Wherein we answer six common questions put to us by our neighbors.
By  |

illustration by Matt Vincent

Why is D Magazine publishing an entire issue about Dallas public schools?

This project started more than a year ago, in September 2007, when ABC Channel 8 aired a “special investigation” into a group of 166 DISD employees who “jetted off to Canada,” where they gorged themselves on lobster and ogled belly dancers in a place called the Sultan’s Tent. The reporter asked, “What taxpayer wouldn’t surrender all fiscal sensibilities at the drop of a veil?”


Well, as it turned out, the entire five-day trip to the International Reading Conference was paid for with a federal grant, and the Sultan’s Tent is a very respectable restaurant that offers a four-course meal for a reasonable $40. Excluding some late-booking fees for airfare, the employees spent, on average, $300 per person per day—on food, transportation, hotel, everything. Though it was true that five teachers did exceed their meal allowance.


That’s what it boiled down to: the station had launched a special investigation into five teachers who went to a conference and spent too much on food.


In many cases, the Dallas Morning News hasn’t served the city any better with its coverage of the Dallas public schools. Earlier this year, the National School Board Association’s Council of Urban Boards of Education published a study titled “What We Think: Parental Perceptions of Urban School Climate.” One of its key findings: if parents rely on newspapers for information, their opinions about school safety, teacher quality, and academic success are less positive than those of parents who get their information from other sources. Why? One reason is that crime stories in the paper often link a victim or criminal to a nearby school, even if the crime did not occur on school grounds or those involved were no longer students.


Just weeks before that study came out, the Morning News ran this headline: “‘Cheese’ Likely Killed W.T. White Student.” But the deceased hadn’t been an active student at White for about 18 months. The paper ran a correction, but one can safely assume it did little to change the misperceptions reinforced by the erroneous headline.


So D Magazine published this special issue to engage some of those misperceptions, to give a complete picture of what exactly is going on in the district. There are huge problems. The question before us is how to fix them.

 

Speaking of problems, what about that $84 million the administration misplaced?

The administration did not misplace the money. The short answer is that in an effort to reduce class size, they hired too many teachers.

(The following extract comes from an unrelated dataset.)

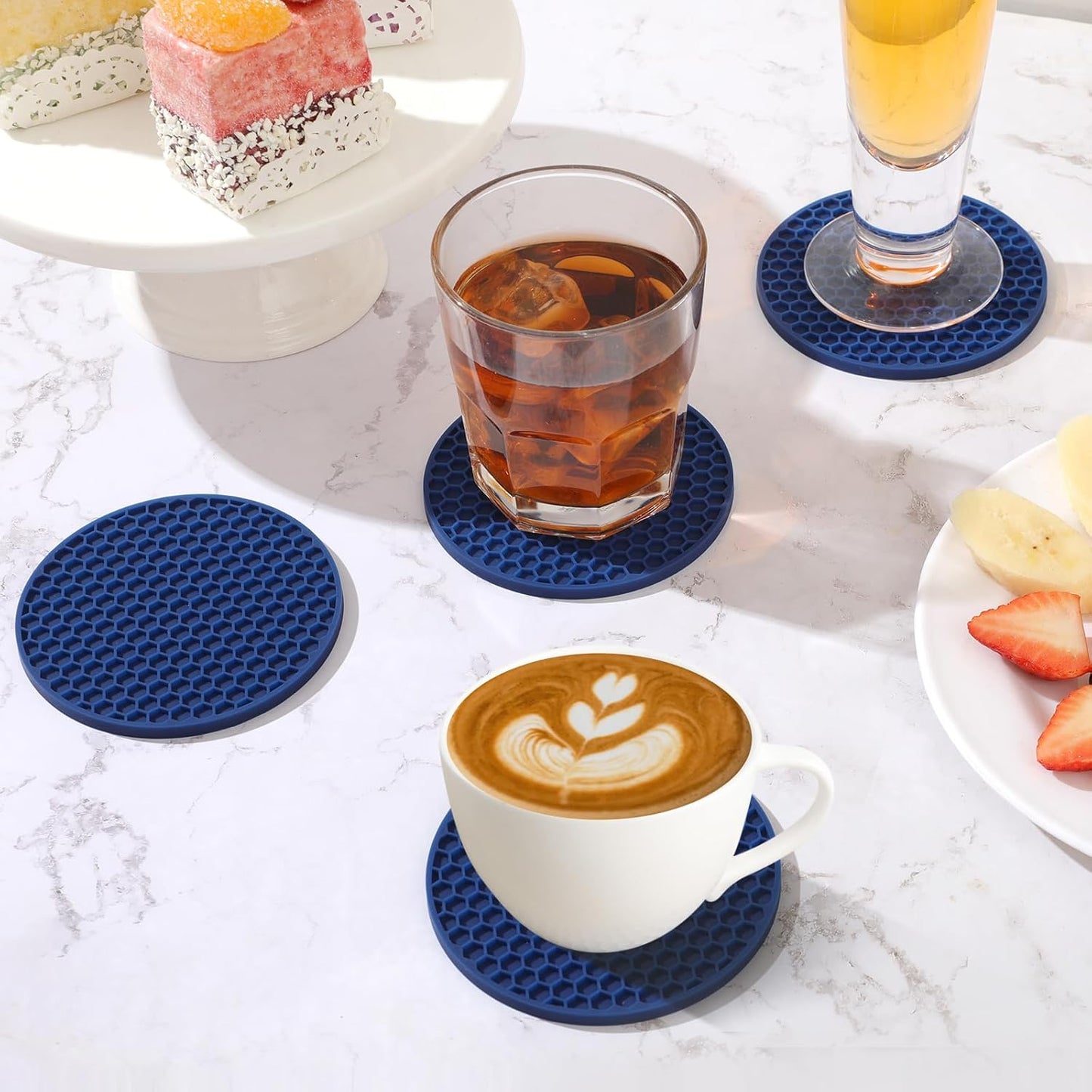 TWTLi Silicone Coasters Set of 8 with Holder,Coasters for Drinks,Beer,Coffee Coasters,Suitable for Kinds Cups,Hot or Cold,Anti-SLI,Non-Stick,Anti-Overflow Tabletop Protection and Decor (8 Pcs, Black)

The $84 million was a budget shortfall that resulted from poor management of the district’s payroll. The district has laid off more than 1,000 employees, including 375 teachers, in a effort to remedy the mistake.

 

How do you make such a gross mistake that it costs 1,000 people their jobs?

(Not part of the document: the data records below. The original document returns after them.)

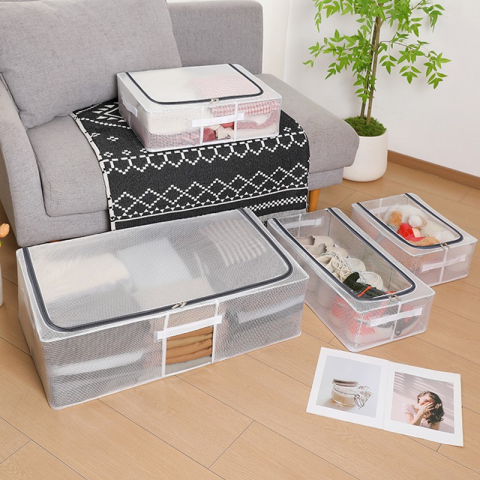 Cutie de Depozitare, pentru Pantofi Haine, din Plasa PVC Impermeabila si Cadru de Otel, Pliabila, Fermoar Bidirectional, 40 x 30 x 15 cm Transparenta [1]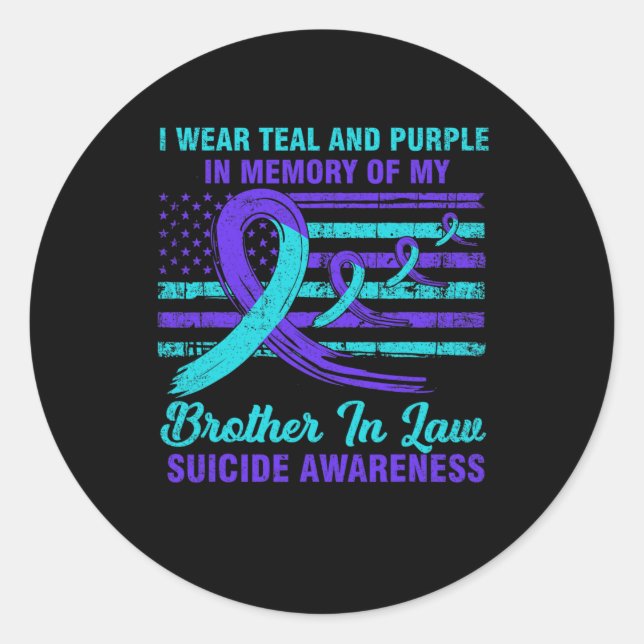 In Memory Of Brother In Law Suicide Awareness Amer Classic Round Sticker (Front)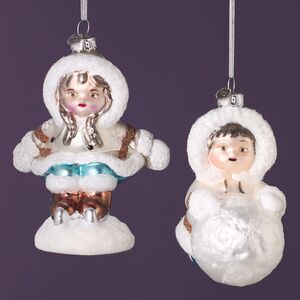 Елочные игрушки Зимние Забавы - Arctic Tale 12 см, 2 шт, стекло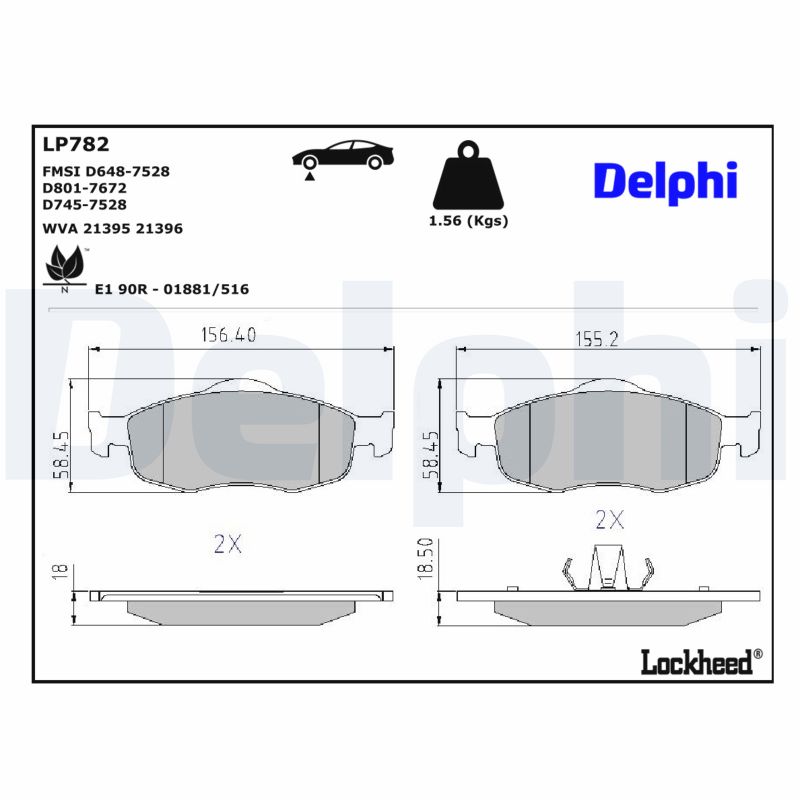 Колодки гальмівні дискові (комплект 4 шт) FORD SCORPIO I (GAE, GGE) 2.0 1985.04-1994.09 DELPHI (LP782) Delphi фото 2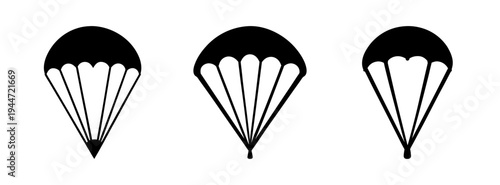 Explore different parachute designs black and white vector illustration for graphic design needs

First you need to appreciate how large an operation DISD is. The district has an annual budget of about $1.3 billion, and it employs more than 20,000 people. Then you need to understand how antiquated its IT systems had become. For a time, the district was running its operations with an old computer system designed to be Y2K compliant. We all remember what a bogey that was. Then the district bought a massive Oracle Enterprise Resource Planning System—and programmed it to emulate the old Y2K system. There’s more. You can read about it on page 42.

 

That sounds like a total wreck. How can there be any good news to tell about DISD?

Because despite all the flaws in the administrative systems, the district managed last year to more than double its number of “exemplary” and “recognized” schools, as rated by the Texas Education Agency. Out of its 230 schools, 77 were rated “recognized,” and 26 were rated “exemplary.” You can see a map of them all on page 90.


And because Superintendent Michael Hinojosa and his staff, along with the School Board, are taking the necessary steps to turn the thing around. Just one small example: near this time last year, the district had 200 employees on paid administrative leave. For one reason or another—say, awaiting a disciplinary hearing—they were sitting at home, collecting a paycheck. And it was costing the district $2.5 million. As of September, there were only 38 people on paid administrative leave.

 

What about all the other wasteful spending I’ve heard about, like all the money they squandered from the last bond to build that huge high school with the steakhouse in it?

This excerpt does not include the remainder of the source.